Hi Patricia, I regret to say I've had the same kind of experience, and all I can think of is why ? It's never too late to make significant improvements, but it does require the dreaded M word - Motivation. So are we to conclude that these individuals have simply abandoned the idea of romance, or perhaps ( naively ) they believe that supply and demand dictates they don't have to put forth the effort to impress.
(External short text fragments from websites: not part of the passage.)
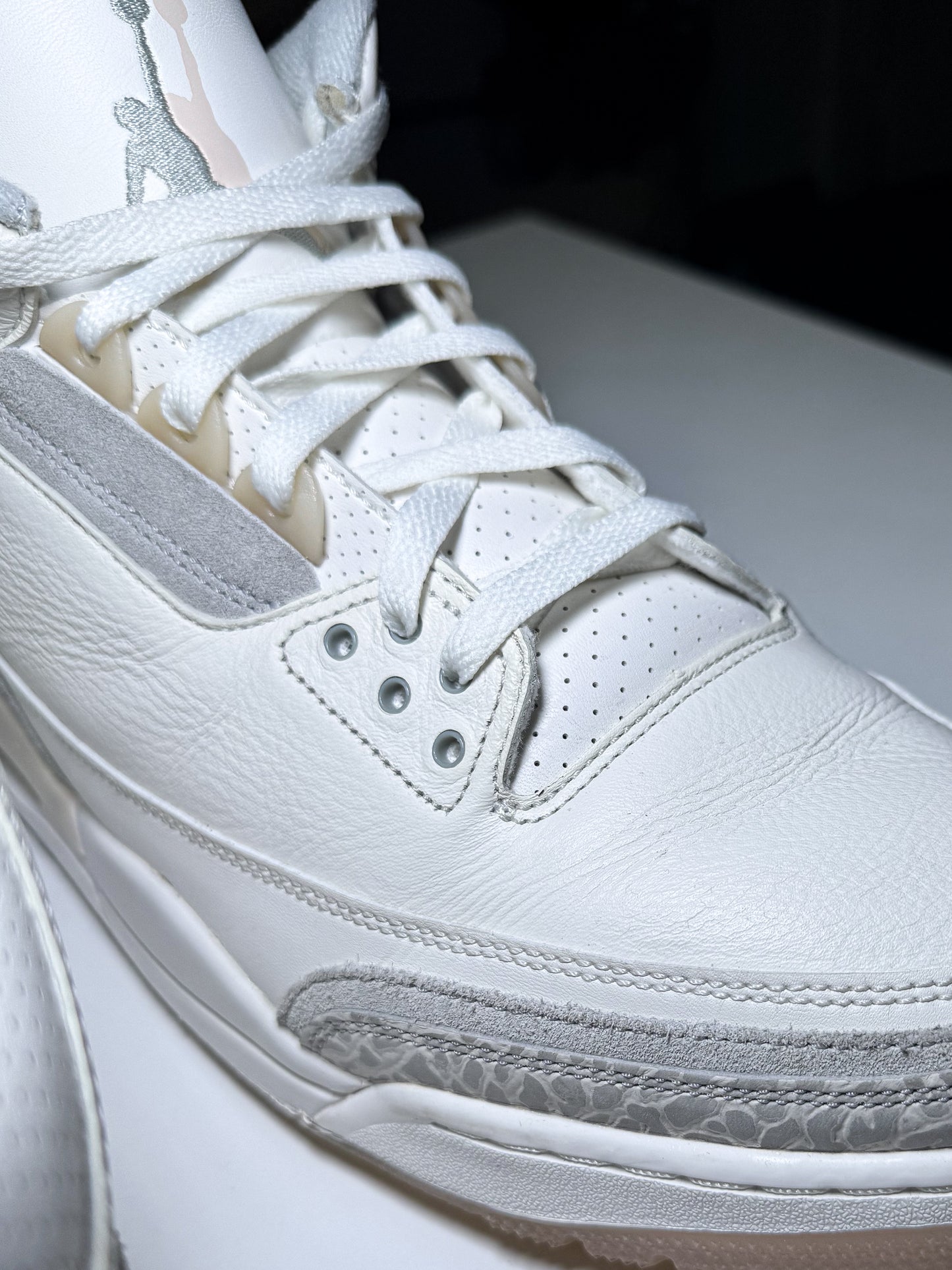 Air Jordan 3 Retro SE Craft ‘Ivory’ 2025 - Recondicionado
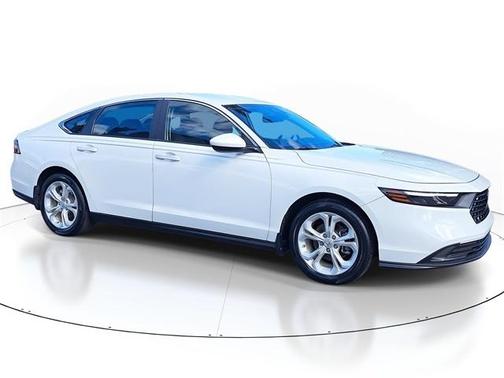 2023 Honda Accord LX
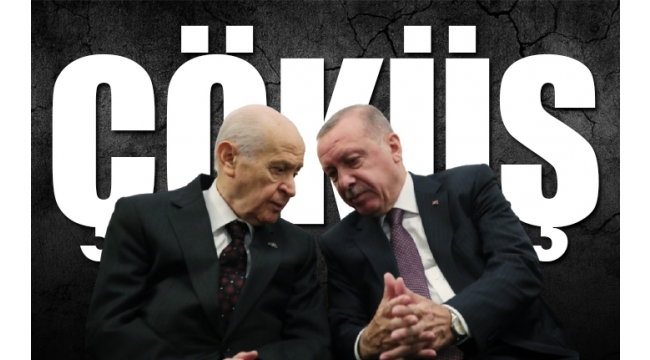 Son ankette AKP ve MHP'ye büyük şok 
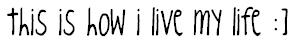 About Me Myspace Comments
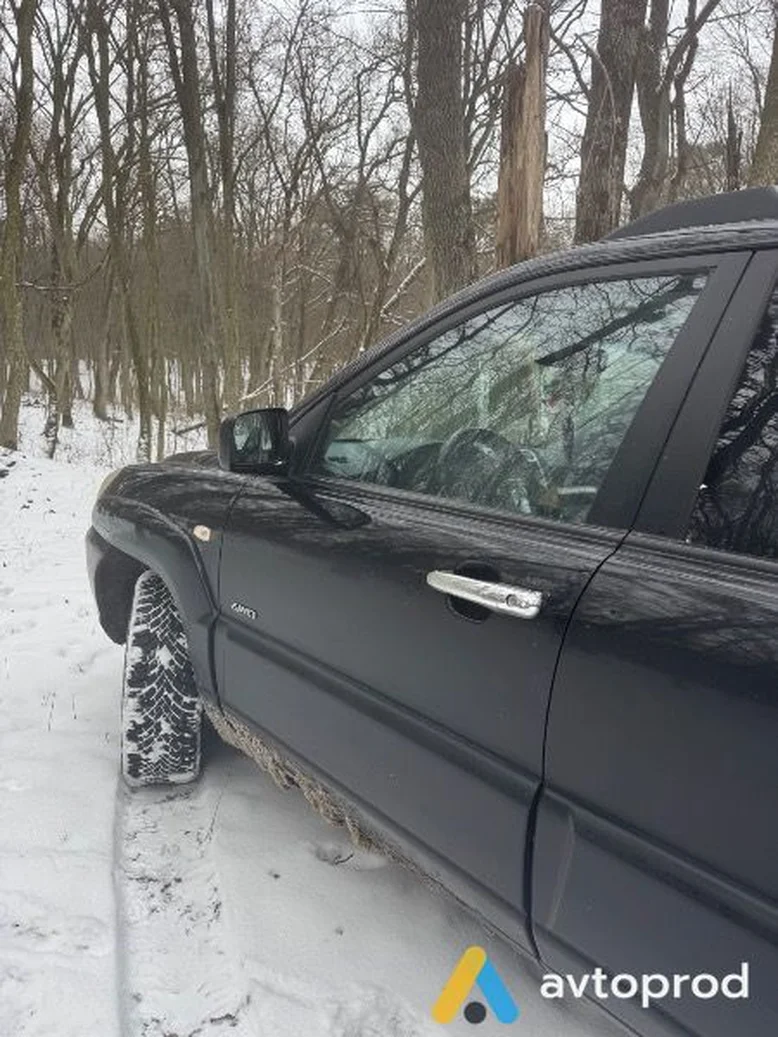 Фото 4 - Kia Sportage 2005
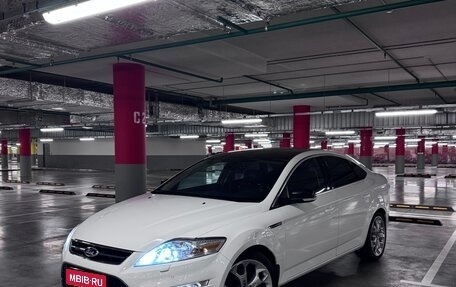Ford Mondeo IV, 2011 год, 1 300 000 рублей, 1 фотография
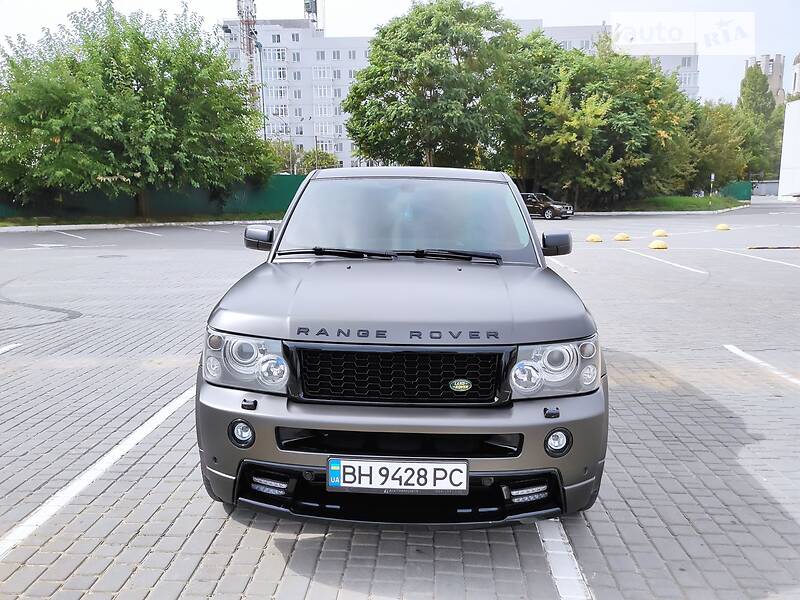 Внедорожник / Кроссовер Land Rover Range Rover 2008 в Одессе
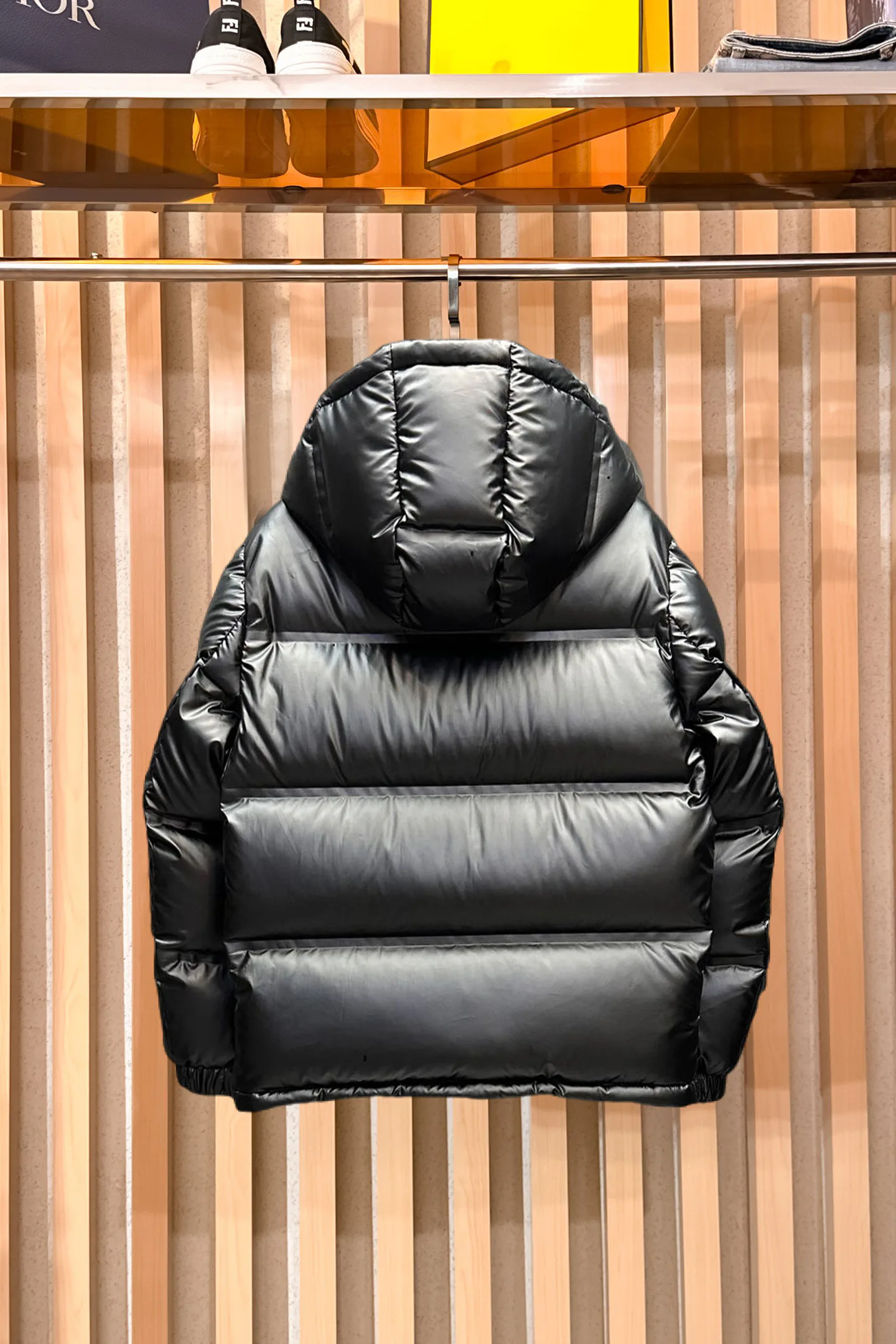 Куртки И Пуховики Мужские Prada 1032055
What do you think Ms. Patricia ?

Sheila

--hide--


Hi Sheila, as to why they don't put forth the effort to exercise (at least walk) and eat healthfully and "court" a woman, I honestly don't know. My thoughts though are that they think they are fine just as they are (overweight or out-of-shape) or don't even realize they are out-of-shape. Also, I think they don't honestly realize that they have aged and will not be attractive to a woman who is much younger, much more in-shape, and goes out of her way to ask them questions about themselves (when they rarely if ever ask her about herself). Perhaps there are so many women vs. men at older ages (especially in urban areas) that the laws of supply and demand are in effect and they will find someone who will be interested in trying to form a relationship with them, but what I've really seen is that these men who were 60 years old on here 7 years ago are mostly still on here but now they are 67 and getting to the point where I honestly don't feel they will end up getting married (whether it be for the first time, or second time - widowed or annulled). I would suggest that these older gentlemen might want to be a bit more realistic in who they pursue (if you could call it that)or do some work on themselves (as every single woman I know does - physically, health-wise, psychologically, and intellectually) if they really want to end up in a relationship leading to possible marriage. Just my opinion (I don't want to offend any of the older gentlemen, but I am telling you here what I have experienced and observed, and my analysis of that - if you are that inshape older gentleman looking for someone around your own age, there are many of us ladies here that would be happy to hear from you!)